Tokyo-based event organiser Cerespo captured five of the bids for about ¥116 million (£688,000/$832,000/€800,000), while one bid went to a consortium for ¥13 million (£77,000/$93,000/€90,000), according to Kyodo.

It is suspected that Tokyo 2020 organisers with the assistance of Dentsu used a list of advertisers and event management firms to allocate events to successful bidders.

Dentsu confirmed to Kyodo that it had been searched and added: "We apologise for causing trouble.

"We will fully cooperate with [the investigation]."
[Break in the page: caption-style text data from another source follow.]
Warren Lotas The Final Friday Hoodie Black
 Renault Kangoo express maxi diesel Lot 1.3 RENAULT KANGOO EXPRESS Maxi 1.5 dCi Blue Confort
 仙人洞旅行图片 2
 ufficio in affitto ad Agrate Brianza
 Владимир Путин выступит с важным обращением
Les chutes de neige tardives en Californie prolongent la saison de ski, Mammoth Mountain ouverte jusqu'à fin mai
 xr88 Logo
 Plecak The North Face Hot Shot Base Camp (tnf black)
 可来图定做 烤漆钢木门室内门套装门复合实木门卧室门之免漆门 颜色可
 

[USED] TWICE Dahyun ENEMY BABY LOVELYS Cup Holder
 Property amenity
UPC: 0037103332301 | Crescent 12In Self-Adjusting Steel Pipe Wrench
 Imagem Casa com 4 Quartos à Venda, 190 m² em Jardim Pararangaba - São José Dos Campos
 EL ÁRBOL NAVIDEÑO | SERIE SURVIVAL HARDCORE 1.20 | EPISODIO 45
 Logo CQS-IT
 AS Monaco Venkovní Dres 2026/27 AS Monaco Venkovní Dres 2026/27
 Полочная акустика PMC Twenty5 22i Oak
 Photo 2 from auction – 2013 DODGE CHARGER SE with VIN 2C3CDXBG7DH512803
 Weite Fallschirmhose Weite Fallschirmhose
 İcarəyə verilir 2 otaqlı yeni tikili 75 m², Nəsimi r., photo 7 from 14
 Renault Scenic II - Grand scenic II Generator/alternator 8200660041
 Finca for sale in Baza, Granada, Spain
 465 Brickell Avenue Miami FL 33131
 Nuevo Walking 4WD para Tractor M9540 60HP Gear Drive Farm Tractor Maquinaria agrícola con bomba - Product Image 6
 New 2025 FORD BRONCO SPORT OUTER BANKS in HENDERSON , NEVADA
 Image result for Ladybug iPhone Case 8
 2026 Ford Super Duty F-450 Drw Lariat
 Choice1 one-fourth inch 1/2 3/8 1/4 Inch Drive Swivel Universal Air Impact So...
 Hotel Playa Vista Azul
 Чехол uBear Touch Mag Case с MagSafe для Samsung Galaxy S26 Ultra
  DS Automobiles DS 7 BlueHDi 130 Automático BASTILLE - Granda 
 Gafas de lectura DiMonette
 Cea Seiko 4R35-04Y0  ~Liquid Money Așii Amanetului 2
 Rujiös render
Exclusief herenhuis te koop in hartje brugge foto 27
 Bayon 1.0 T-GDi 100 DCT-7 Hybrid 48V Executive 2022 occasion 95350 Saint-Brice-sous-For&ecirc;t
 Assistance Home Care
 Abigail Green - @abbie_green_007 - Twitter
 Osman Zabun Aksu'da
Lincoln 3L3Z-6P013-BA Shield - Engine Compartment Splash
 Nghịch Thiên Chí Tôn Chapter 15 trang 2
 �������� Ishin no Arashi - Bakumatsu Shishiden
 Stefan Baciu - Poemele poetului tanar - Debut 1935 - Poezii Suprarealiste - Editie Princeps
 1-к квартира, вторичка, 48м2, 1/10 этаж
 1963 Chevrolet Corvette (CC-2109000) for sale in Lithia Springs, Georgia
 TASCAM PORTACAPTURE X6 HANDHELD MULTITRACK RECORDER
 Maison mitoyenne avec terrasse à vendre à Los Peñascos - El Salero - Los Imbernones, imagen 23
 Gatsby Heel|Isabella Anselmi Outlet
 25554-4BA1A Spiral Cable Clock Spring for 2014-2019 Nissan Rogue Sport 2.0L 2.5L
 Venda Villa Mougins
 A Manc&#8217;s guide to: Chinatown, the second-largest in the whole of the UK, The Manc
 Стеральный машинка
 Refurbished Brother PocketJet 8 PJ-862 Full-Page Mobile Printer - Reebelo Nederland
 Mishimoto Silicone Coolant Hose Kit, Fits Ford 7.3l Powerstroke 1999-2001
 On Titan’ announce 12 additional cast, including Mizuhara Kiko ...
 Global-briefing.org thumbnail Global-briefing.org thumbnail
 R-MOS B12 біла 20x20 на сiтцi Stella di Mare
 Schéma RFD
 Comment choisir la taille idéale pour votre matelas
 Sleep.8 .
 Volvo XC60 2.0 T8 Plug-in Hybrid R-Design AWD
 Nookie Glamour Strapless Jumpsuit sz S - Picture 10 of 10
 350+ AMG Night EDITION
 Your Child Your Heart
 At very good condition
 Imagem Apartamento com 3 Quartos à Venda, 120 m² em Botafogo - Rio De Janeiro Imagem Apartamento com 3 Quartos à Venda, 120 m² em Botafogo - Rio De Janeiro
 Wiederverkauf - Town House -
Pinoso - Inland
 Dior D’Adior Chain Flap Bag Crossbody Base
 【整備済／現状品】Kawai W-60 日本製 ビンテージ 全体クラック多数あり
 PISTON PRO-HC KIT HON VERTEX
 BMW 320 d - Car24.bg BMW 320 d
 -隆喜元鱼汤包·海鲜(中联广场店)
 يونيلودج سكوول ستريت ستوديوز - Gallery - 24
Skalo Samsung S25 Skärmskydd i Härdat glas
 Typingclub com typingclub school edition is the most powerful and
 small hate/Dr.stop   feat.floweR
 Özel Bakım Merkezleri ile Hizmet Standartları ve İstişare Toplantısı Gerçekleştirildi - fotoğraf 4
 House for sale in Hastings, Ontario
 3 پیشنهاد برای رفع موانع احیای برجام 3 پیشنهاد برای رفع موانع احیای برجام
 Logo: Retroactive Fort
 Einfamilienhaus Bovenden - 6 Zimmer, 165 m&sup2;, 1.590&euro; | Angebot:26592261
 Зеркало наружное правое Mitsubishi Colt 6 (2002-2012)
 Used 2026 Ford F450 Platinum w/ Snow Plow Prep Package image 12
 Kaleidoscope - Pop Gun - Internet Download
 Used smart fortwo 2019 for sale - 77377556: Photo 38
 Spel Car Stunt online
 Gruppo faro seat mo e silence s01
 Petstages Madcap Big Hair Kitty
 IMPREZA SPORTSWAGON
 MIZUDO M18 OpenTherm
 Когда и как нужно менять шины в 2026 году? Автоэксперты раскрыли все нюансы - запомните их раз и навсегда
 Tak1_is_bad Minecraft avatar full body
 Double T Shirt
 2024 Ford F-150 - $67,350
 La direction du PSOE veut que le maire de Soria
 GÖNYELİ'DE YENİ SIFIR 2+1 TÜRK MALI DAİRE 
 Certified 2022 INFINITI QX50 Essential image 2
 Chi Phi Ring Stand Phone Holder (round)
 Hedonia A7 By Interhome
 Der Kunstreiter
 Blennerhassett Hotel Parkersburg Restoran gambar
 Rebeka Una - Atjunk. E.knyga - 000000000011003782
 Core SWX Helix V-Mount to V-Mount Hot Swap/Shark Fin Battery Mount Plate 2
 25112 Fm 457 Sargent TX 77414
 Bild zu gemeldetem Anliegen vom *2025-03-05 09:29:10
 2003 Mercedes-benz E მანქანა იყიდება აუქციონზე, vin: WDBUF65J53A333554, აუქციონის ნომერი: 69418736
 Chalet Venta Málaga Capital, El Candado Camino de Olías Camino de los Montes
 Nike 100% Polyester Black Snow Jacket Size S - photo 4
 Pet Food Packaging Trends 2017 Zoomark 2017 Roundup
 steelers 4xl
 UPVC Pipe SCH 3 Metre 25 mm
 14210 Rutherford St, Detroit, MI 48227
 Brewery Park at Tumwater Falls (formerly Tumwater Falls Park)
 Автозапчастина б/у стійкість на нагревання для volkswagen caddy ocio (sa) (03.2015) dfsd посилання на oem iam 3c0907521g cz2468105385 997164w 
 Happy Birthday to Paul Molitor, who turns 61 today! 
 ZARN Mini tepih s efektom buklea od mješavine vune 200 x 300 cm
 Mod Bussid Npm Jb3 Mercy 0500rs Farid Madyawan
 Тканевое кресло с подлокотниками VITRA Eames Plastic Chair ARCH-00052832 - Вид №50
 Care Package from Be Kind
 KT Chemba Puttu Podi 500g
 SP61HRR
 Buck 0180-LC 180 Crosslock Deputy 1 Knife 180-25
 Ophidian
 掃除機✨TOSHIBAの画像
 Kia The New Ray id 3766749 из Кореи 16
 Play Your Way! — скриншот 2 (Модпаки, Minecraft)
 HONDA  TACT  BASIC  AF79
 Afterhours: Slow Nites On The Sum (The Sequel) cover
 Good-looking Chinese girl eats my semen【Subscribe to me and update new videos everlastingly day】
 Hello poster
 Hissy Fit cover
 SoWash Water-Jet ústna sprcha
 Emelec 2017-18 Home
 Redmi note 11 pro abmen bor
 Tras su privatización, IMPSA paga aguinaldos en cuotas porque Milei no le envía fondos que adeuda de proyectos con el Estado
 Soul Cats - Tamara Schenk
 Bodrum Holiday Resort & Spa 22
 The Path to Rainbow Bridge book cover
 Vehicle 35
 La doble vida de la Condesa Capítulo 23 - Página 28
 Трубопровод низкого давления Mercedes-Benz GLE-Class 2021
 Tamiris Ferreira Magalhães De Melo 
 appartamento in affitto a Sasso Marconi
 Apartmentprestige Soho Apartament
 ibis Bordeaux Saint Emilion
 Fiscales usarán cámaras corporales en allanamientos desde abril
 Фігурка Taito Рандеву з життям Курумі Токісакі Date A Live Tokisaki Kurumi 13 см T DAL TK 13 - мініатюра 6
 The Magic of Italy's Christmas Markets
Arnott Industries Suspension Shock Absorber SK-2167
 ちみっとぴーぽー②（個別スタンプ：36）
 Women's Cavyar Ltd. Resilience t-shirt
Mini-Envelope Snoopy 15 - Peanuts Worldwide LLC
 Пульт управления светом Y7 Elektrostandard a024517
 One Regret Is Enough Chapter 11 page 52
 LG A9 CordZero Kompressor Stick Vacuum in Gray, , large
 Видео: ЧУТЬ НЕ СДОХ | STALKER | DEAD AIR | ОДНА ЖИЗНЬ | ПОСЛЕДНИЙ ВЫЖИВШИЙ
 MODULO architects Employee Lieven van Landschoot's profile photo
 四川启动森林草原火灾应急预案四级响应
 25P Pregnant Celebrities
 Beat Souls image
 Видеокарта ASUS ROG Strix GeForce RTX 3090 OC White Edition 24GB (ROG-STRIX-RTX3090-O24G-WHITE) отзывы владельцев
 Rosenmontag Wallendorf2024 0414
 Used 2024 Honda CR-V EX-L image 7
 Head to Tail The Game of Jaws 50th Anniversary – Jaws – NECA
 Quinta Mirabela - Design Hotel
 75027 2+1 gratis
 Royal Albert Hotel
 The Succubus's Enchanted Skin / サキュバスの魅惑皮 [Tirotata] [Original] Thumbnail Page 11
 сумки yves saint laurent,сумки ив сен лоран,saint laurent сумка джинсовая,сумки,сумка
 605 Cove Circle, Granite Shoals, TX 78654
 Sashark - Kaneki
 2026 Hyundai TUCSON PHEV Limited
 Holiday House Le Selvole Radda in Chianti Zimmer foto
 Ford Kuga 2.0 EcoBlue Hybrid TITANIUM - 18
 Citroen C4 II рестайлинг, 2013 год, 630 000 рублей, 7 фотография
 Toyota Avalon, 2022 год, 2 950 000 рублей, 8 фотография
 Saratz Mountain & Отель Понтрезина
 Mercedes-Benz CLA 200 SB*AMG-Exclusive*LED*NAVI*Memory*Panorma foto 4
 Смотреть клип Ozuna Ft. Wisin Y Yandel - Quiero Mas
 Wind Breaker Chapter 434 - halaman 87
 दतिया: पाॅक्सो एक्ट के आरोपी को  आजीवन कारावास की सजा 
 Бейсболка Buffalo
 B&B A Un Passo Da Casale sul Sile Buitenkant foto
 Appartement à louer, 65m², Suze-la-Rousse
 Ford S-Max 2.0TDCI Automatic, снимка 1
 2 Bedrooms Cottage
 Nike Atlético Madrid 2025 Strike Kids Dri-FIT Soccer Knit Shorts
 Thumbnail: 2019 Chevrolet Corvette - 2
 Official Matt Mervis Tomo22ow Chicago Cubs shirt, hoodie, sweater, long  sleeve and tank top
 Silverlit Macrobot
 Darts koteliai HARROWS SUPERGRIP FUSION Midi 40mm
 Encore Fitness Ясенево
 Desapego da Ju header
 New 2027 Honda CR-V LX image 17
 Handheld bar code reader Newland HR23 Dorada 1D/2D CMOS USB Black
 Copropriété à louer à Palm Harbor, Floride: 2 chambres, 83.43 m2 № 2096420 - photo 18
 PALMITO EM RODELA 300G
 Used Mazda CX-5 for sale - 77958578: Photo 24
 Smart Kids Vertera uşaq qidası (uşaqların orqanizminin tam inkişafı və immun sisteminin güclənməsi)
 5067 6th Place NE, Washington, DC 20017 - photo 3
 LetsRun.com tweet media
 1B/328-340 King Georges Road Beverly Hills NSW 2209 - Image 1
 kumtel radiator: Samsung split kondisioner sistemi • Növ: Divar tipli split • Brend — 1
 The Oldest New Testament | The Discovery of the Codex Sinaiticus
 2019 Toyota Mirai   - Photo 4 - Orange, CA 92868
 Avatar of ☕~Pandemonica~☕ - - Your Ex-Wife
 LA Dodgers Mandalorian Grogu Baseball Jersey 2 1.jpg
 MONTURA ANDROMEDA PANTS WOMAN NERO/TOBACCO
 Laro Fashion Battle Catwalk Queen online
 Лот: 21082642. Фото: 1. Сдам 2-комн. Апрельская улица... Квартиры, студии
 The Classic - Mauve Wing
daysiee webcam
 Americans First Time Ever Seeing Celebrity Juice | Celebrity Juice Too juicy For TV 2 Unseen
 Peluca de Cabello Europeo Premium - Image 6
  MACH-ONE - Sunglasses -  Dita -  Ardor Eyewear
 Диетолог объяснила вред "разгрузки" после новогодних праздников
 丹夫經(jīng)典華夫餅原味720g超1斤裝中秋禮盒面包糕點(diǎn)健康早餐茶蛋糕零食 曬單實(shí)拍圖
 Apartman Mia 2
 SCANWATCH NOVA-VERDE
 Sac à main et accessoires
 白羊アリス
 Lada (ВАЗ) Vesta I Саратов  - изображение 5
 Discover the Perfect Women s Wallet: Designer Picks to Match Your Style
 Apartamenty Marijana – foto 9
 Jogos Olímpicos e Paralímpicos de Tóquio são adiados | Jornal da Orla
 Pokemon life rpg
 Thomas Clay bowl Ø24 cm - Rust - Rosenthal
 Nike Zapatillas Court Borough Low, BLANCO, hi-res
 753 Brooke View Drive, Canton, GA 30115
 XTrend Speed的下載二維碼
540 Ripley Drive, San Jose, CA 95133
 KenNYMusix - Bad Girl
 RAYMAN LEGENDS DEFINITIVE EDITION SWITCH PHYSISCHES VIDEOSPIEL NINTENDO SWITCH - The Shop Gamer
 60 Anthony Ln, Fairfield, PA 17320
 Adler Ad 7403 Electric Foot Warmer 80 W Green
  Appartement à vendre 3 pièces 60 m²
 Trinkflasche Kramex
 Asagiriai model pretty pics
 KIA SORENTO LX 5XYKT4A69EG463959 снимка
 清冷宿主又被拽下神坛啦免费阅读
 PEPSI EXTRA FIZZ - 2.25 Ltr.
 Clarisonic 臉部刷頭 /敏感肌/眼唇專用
There are suspicions that bids for 26 test events were rigged ©Getty Images
There are suspicions that bids for 26 test events were rigged ©Getty Images

The probe follows a series of scandals related to the selection of sponsors for the Tokyo 2020 Olympics.

Prosecutors recently raided the headquarters of advertising agency ADK Holdings and the offices of mascot distributor Sun Arrow.

Last month, Tokyo 2020 Executive Board member Haruyuki Takahashi was served a fourth arrest warrant on suspicion of receiving bribes totalling around ¥54 million (£322,000/$362,000/€369,000) from ADK Holdings and Sun Arrow.

The Japanese official had already been arrested three times on suspicion of accepting bribes from three other firms, including the Kadokawa Corporation publishing company.

Kadokawa Corporation chairman Tsuguhiko Kadokawa has been charged in connection to the bribery probe, along with Takahashi plus a Kadokawa employee and a consultant.

Ex-Organising Committee President Yoshirō Mori - also a former Prime Minister of Japan - and former Japanese Olympic Committee President Tsunekazu Takeda are among those to have been questioned as part of the investigation, which has cast a cloud over Sapporo's efforts to secure the 2030 Winter Olympics and Paralympics.